Natural gas without question is a valuable natural energy resource in all regions of the globe. However, in many oil production fields natural gas can create a difficult operational dilemma. Many oil-producing regions produce what is generally referred to as "associated" natural gas. This associated natural gas is natural gas co-produced from what is primarily an oil production zone. When a surplus volume of low pressure gas is produced from oil fields it can be located quite a distance from a gas pipeline, or from a gas gathering system, leaving oil & gas operators with very few options other than to simply flare the surplus natural gas on location. The result is a terrible wasting of a valuable natural resource and the release of pollutants into the atmosphere.
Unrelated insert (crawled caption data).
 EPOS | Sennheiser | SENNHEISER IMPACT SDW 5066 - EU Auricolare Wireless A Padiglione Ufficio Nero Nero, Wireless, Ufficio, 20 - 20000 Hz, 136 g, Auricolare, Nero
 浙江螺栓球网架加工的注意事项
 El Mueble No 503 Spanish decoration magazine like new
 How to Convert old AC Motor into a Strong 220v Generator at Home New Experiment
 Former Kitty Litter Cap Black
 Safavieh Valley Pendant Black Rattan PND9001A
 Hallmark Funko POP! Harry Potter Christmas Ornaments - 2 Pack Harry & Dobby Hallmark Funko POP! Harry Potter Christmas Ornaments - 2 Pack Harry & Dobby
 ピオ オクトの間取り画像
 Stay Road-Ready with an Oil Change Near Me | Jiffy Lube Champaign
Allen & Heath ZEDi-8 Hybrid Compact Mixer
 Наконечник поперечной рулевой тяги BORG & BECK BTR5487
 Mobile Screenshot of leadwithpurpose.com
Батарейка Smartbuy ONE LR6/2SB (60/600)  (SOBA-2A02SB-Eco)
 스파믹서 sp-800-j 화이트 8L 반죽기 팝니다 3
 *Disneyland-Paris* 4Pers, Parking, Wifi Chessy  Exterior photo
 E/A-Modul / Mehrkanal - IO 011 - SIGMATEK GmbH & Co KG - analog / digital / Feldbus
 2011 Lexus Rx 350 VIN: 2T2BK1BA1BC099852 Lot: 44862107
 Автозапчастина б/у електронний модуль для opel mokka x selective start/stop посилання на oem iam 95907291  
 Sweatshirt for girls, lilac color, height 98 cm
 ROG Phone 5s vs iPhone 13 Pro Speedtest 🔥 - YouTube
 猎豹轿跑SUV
R3 Sciences began development on a solution to the flare gas dilemma over three years ago. The primary goal is to develop a field-functional gas-to-liquid (GTL) process particularly suited for low pressure surplus natural gas. By bringing together a family of innovative gas processes coupled with a unique gas-liquid reactor design and catalyst combination, R3 Sciences has proven it is able to achieve exceptionally high gas conversion efficiencies in a single reactor pass. Field prototype work is ongoing with commercial applications being evaluated.
R3 Sciences is introducing new, mini-plant systems capable of producing methanol from low pressure natural gas. The technology R3 Sciences uses to accomplish this task is a combination of field-proven gas processing methods coupled with the new R3 Sciences catalytic reactor. A team of innovation-minded scientists from around the world are diligently working to complete the construction on the 'first-of-a-kind' mini-plant process capable of producing valuable liquid gas product from flare gas volumes.
The current design is based upon a modular-skid approach and will provide an easily transportable system to be quickly and easily field assembled. The size and capacity of the initial system will be capable of handling 200,000 standard cubic feet per day of natural gas. Initially larger volumes can be handled by a scale-out approach using multiple systems. In the future R3 Sciences envisions larger capacity systems.
The team at R3 Sciences believe by developing the mini-plant systems we are better able to take advantage of a distributed process/production model. This model places production systems near the source of the natural gas eliminating the high cost of pipeline networks and cost of gas conditioning. Product produced is trucked from locations in the same manner crude oil is transported.